What you have to do
With the images removed, write out every line below exactly.

Web page caption snippets
--------------------------------------------------

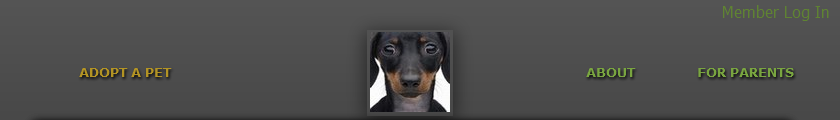 Foopets.com Black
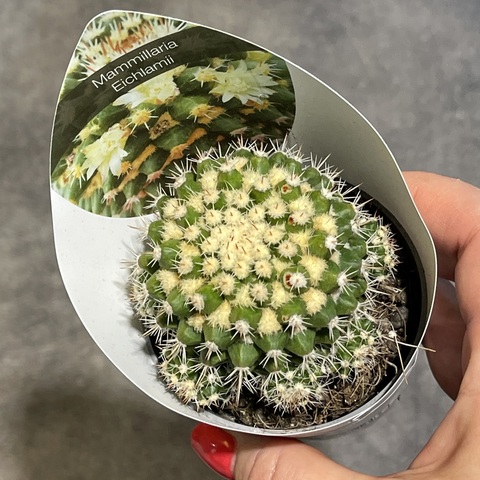 Маммиллярия Эихламии d7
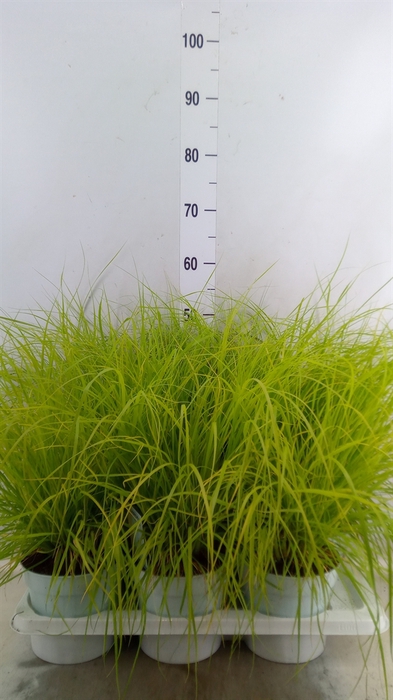 <h4>Pennisetum alopec. 'Hameln Gold'</h4>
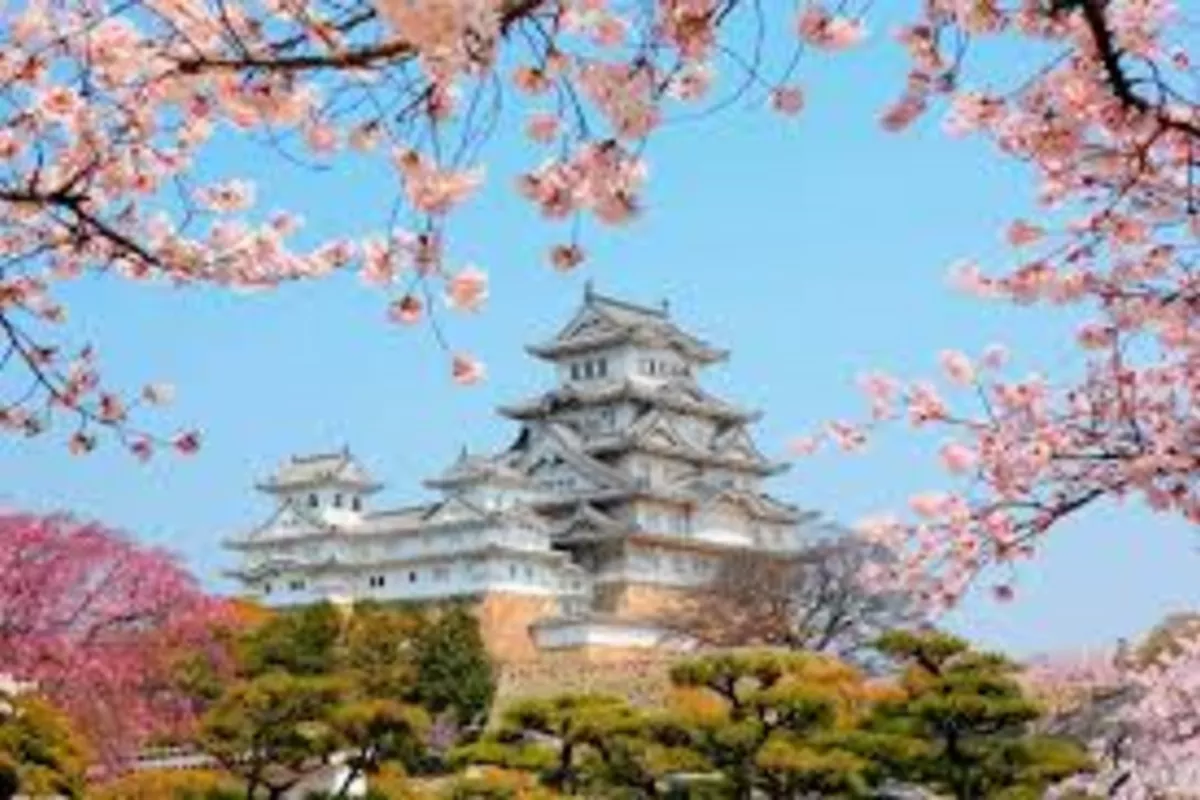 Uzbek Visitors to Japan Surge by 60% in 2025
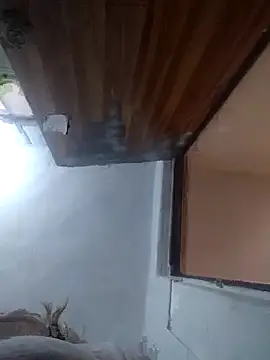 Snapshot of iDogrose21 chatting on December 2025 03:38:02 PM iDogrose21 online show from December 2025 03:38:02 PM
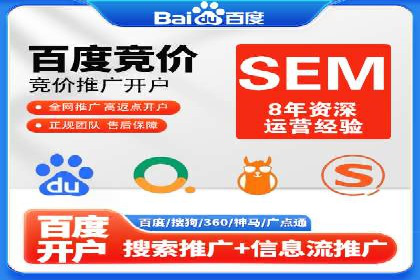 竞价推广策略：某电商平台的成功案例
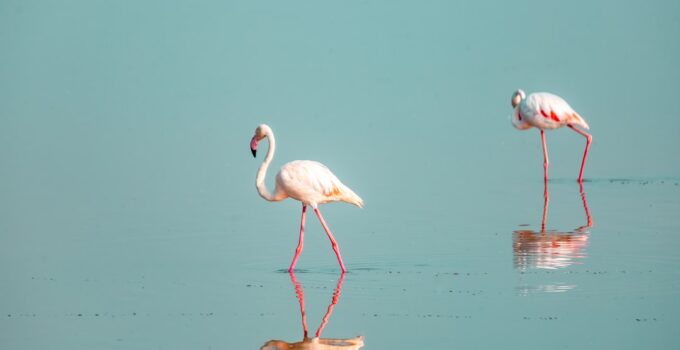 Photo Flamingos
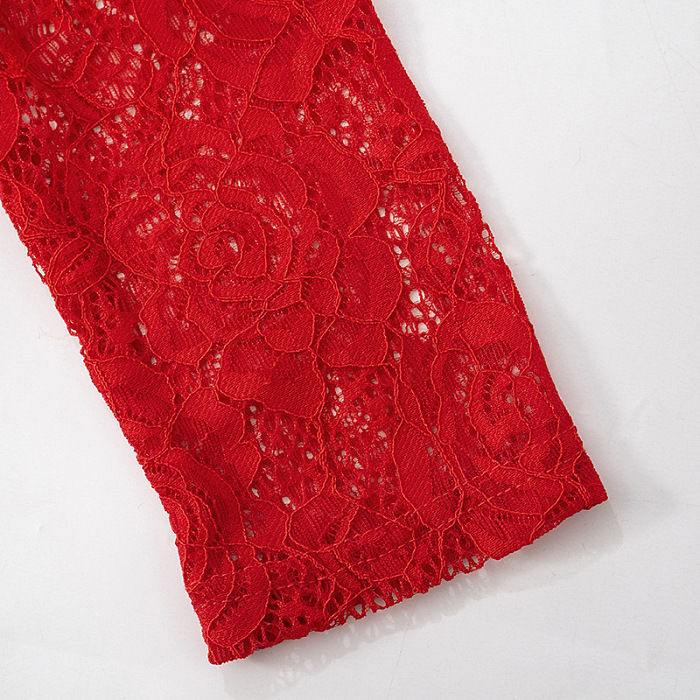 SUPER WHOLESALE | Stand Neck Lace Long Sleeve Back Zip Up Long Dress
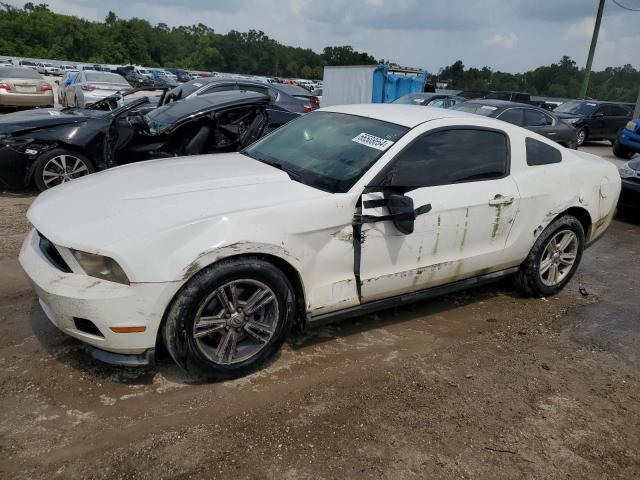 FORD MUSTANG 2011 con VIN 1ZVBP8AM6B5158317 - Foto de la subasta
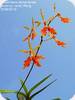 Renanthera vietnamensis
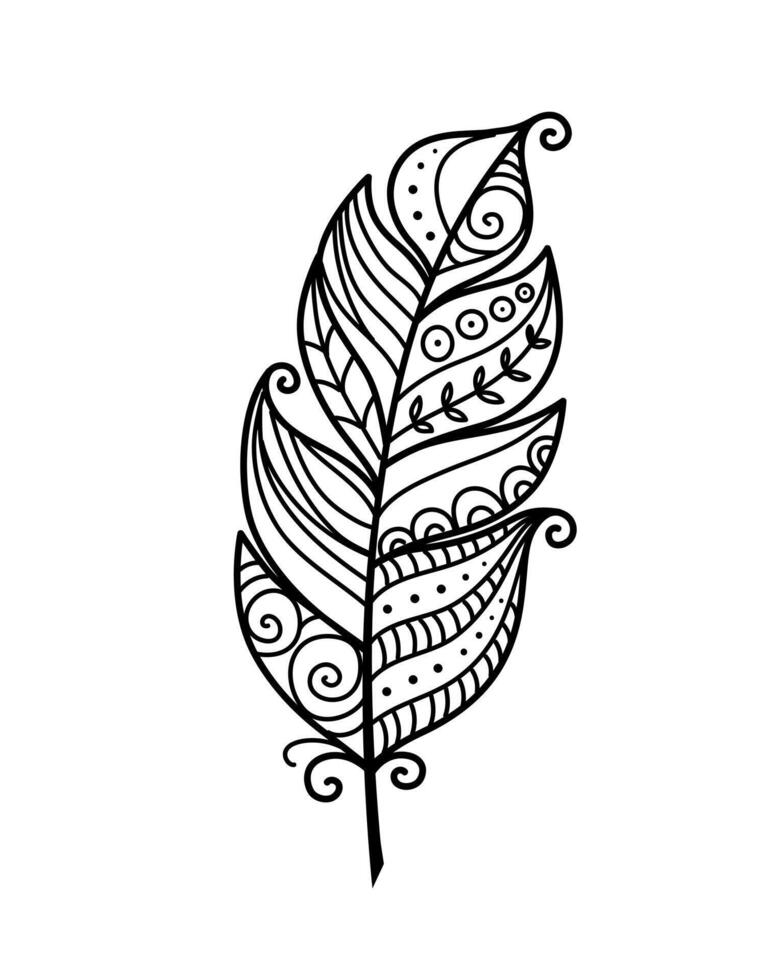 Doodle feather illustration hand drawn in black on white background vector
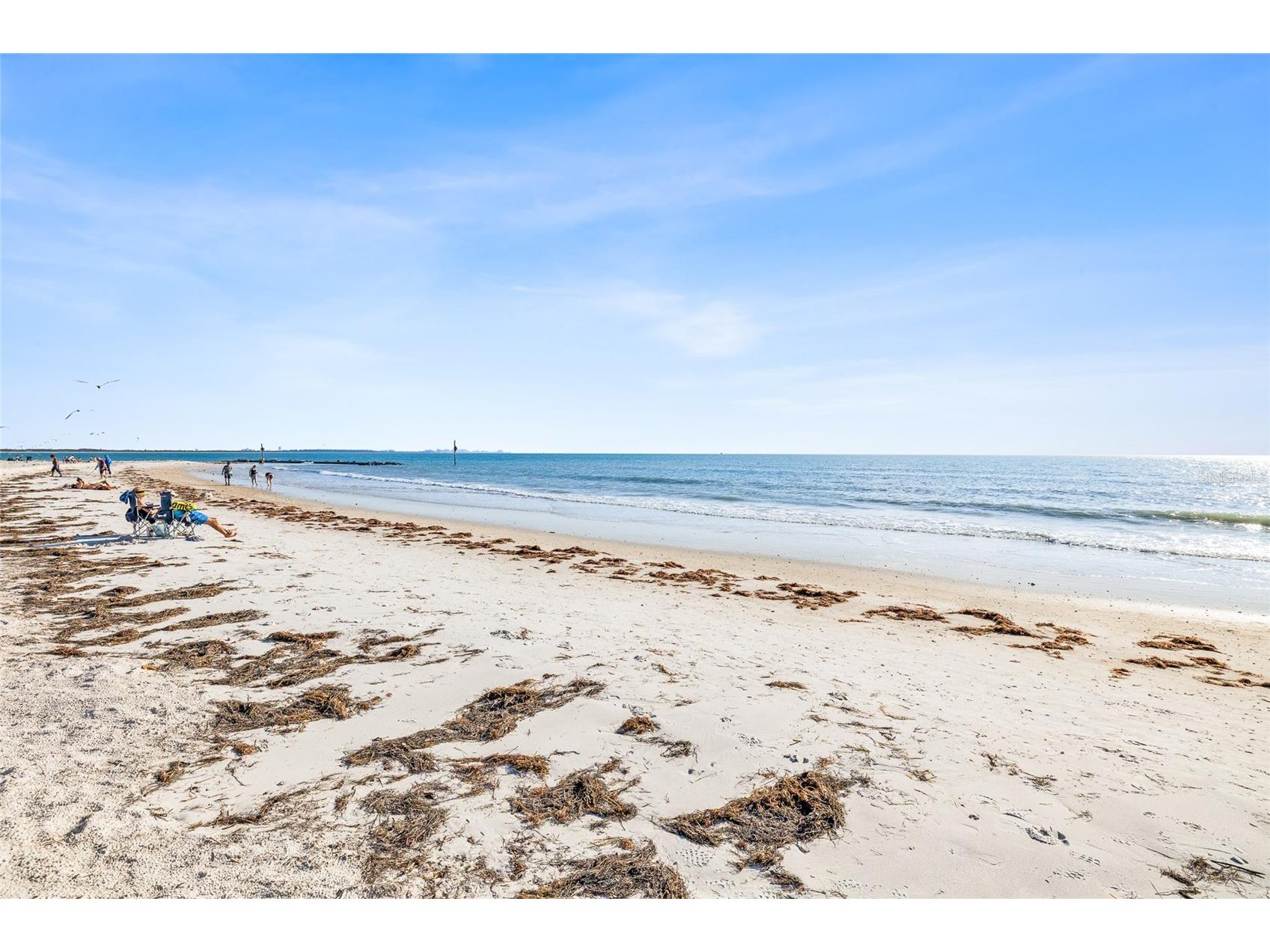 3570 Deer Run S Palm Harbor FL 34684 TB8471840 image49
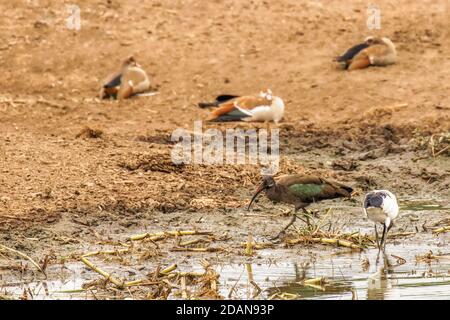 Hadada ibis (Bostrychia hagedash), également appelé hadeda et ibis sacré africain (Threskiornis aethiopicus) , Parc national de la Reine Elizabeth, Ouganda. Banque D'Images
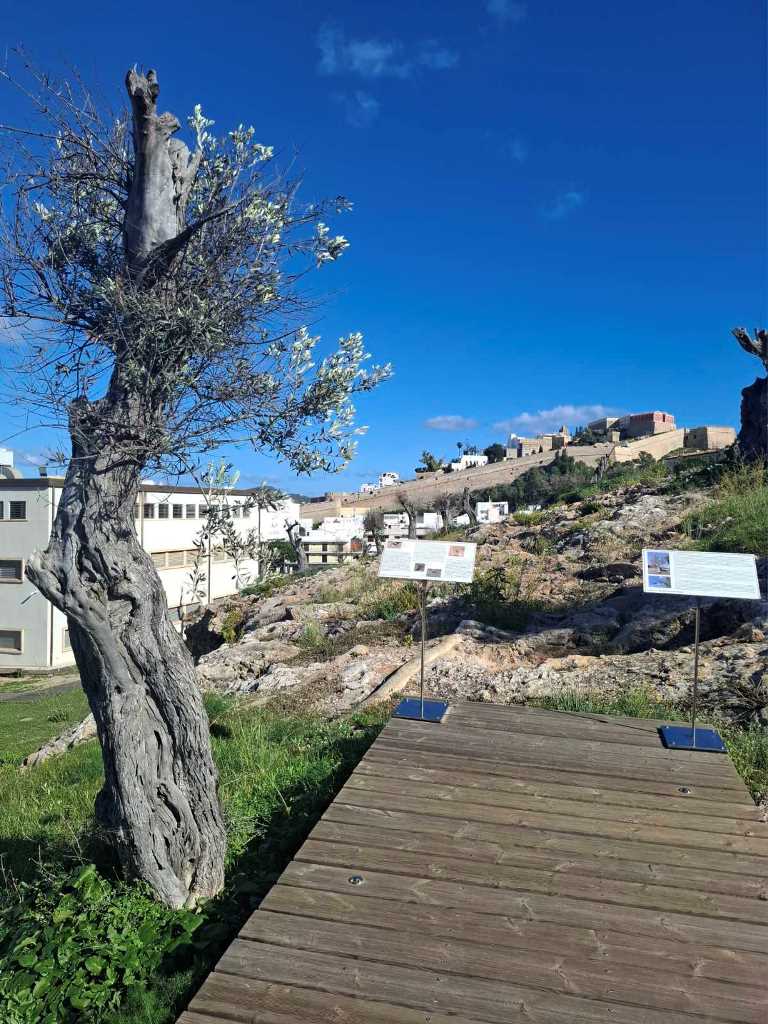 Екскурсія археологічним музеєм та некрополем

--------------------------------------------------

Answer for the task
 Foopets.com Black
 Маммиллярия Эихламии d7
 <h4>Pennisetum alopec. 'Hameln Gold'</h4>
 Uzbek Visitors to Japan Surge by 60% in 2025
 Snapshot of iDogrose21 chatting on December 2025 03:38:02 PM iDogrose21 online show from December 2025 03:38:02 PM
 竞价推广策略：某电商平台的成功案例
 Photo Flamingos
 SUPER WHOLESALE | Stand Neck Lace Long Sleeve Back Zip Up Long Dress
 FORD MUSTANG 2011 con VIN 1ZVBP8AM6B5158317 - Foto de la subasta
 Renanthera vietnamensis
 Doodle feather illustration hand drawn in black on white background vector
 3570 Deer Run S Palm Harbor FL 34684 TB8471840 image49
 Hadada ibis (Bostrychia hagedash), également appelé hadeda et ibis sacré africain (Threskiornis aethiopicus) , Parc national de la Reine Elizabeth, Ouganda. Banque D'Images
 Екскурсія археологічним музеєм та некрополем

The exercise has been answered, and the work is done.